I am working through some elementary linear algebra exercises and I want to obtain the solution set to the following system of linear equations using MatLab's solve() function, from the symbolic toolbox add-on:

2x      + z + w = 5
     y      - w = -1
3x      - z - w = 0
4x + y + 2z + w = 9

This system, when converted to reduced row-echelon form, retains a free variable, meaning there are infinitely many solutions, but when I use solve(), it simply returns a particular solution to the equation:

syms x y z w h i j k
eq1 = 2*x + z + w == 5;
eq2 = y - w == -1;
eq3 = 3*x - z - w == 0;
eq4 = 4*x + y + 2*z + w == 9;
solve([eq1,eq2,eq3,eq4])

returns

struct with fields:
    w: 3
    x: 1
    y: 2
    z: 0

This is a solution, but not the only solution. I would like to be able to (a) obtain the full solution set using solve(), and (b) not have to check whether the system has infinitely-many solutions outside of using solve(). (Currently, I am also setting up an augmented coefficient matrix, A, and using rref(A) to see whether there are any free variables). Are these goals possible or should I perhaps be using another function?

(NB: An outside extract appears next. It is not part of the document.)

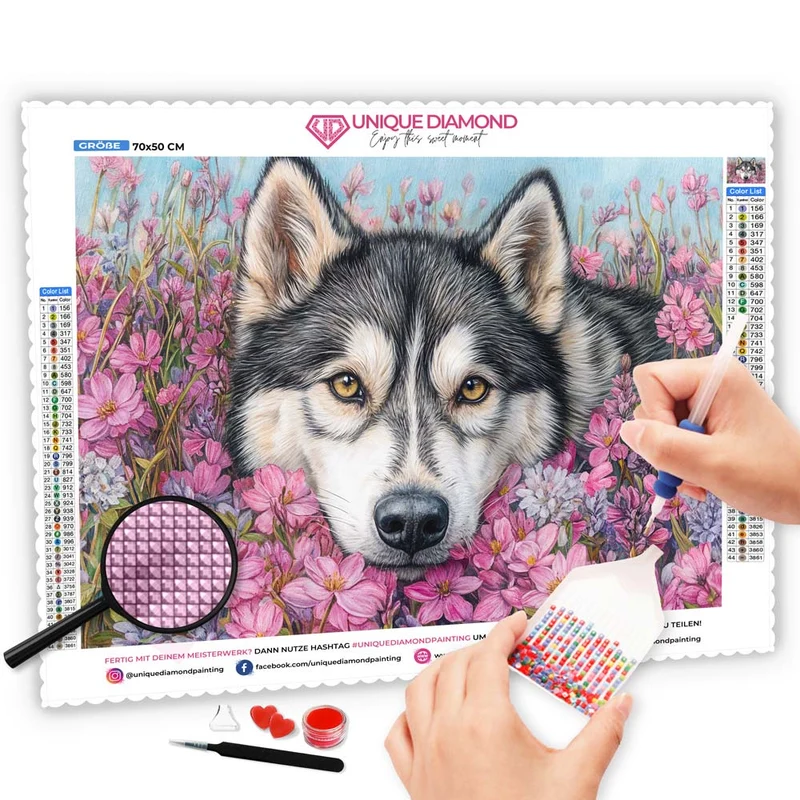 5D Diamond Painting – Blütenzauber mit Luna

Edit: the problem seems to occur when the number of unknown variables is equal to the number of equations. When the number of unknowns exceeds the number of equations solve() returns a parameterized solution. I guess MatLab is assuming that when unknowns = equations that there is a unique solution, but of course this isn't always the case. Still do not know how to fix this.

Answer 1

For

A=[2 0 1 1;0 1 0 -1;3 0 -1 -1;4 1 2 1]; 
B=[5;-1;0;9];

just by trying

det(A)
rank(A)
v1=A\B
v2=mldivide(A,B)

One gets to any of the following, which are equivalent:

• A is singular.

• One cannot use A as orthogonal base dimension 4.

• At least one of the vectors building A is proportional to the remaining 3.

The following don't work either

v3=linsolve(A,B)
dA=decomposition(A)
[L,U]=lu(A)
v5=U\(L\B)

or

[C,R]=qr(A,B,0)
v6=R\C

However one gets the smallest solution, there is an infinte amount of solutions, by approximating A :

v4=pinv(A)*B

v3 =
 1.0000
  0.3333
  1.6666
  1.3333

the eigenvalues are

veig=eig(A)
veig =
  3.7913
 -0.7913
  0.0000 + 0.000000062241112i
  0.0000 - 0.000000062241112i

For this particular A the symbolic toolbox may not be the best choice.